5. One of the rationales for taxation is to fund activities that are in the public interest. Neoconservatives rely on public choice theory to suggest that there  is no such thing as the “public interest” (only a collection of private interests) in order to discredit their rationale for taxation.  However the authors point out that public choice theory is based on two false assumptions:  (1) humans are  exclusively concerned  with their own welfare and (2) individual  welfare depends solely  on material  goods. 
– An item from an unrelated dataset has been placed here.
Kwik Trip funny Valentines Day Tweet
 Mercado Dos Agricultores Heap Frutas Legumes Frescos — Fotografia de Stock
The authors’ exhortations to change social attitudes about taxation are directed to the left and the progressives who have abandoned the moral high ground for protesting against the concentration of wealth. Apparently  they view it as a losing proposition and an unwise political strategy.  In this regard they are advised to develop moral counter arguments to the neoconservatives’  “moral” positioning of progressive taxation as  “class warfare” and “the enemy of hard working citizens trying to live the American Dream”.   The authors have explained how the American Dream has already been compromised by the loss of social mobility.  The more recent charge of “class warfare” completely ignores the democratic polity’s aim of fairness.  This aim was embodied in the implicit social contracts in postwar Canada and the U.S. that combined highly progressive taxation systems with good economic growth where both business and labour were in relative harmony.  
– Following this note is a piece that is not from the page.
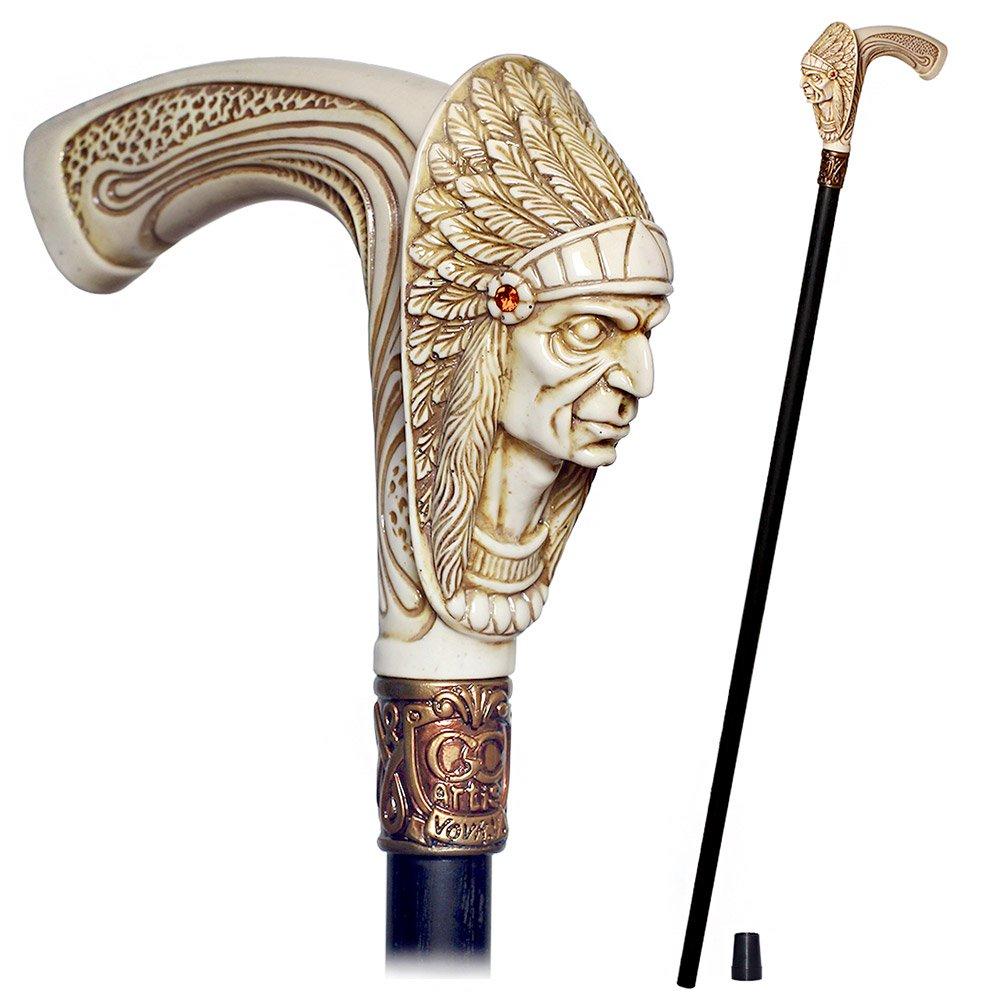 Scratch and Dent American Indian Chief Ivory Color Handle Cane w/ Wood Shaft & Bronze Collar V2348 Pay With Visa Sale Online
In his book The Conscience of a Liberal Nobel prize-winning economist, Paul Krugman states that (in the U.S.) “This age of economic equality roughly corresponded to the golden age of political bipartisanship “.  In this context the implicit social contract could be said to be truly democratic and hence legitimate.  The book presents a coherent explanation of how the wealthy elite breached this contract. In this light the authors’ proposals can be positioned as a remedy to correct a class action suit for breach of contract.   

In my view the analysis and proposals in this book provide a good foundation for the development of a coherent historically- buttressed ideological narrative for progressives and the left in Canada.  In contrast with the neoconservative ideology it would be evidence-based and resonate with the aims and aspirations of a majority of Canadians.  Such a narrative might serve as a manifesto for beneficial change that would address the frustrations of the participants in the Occupy Canada movement.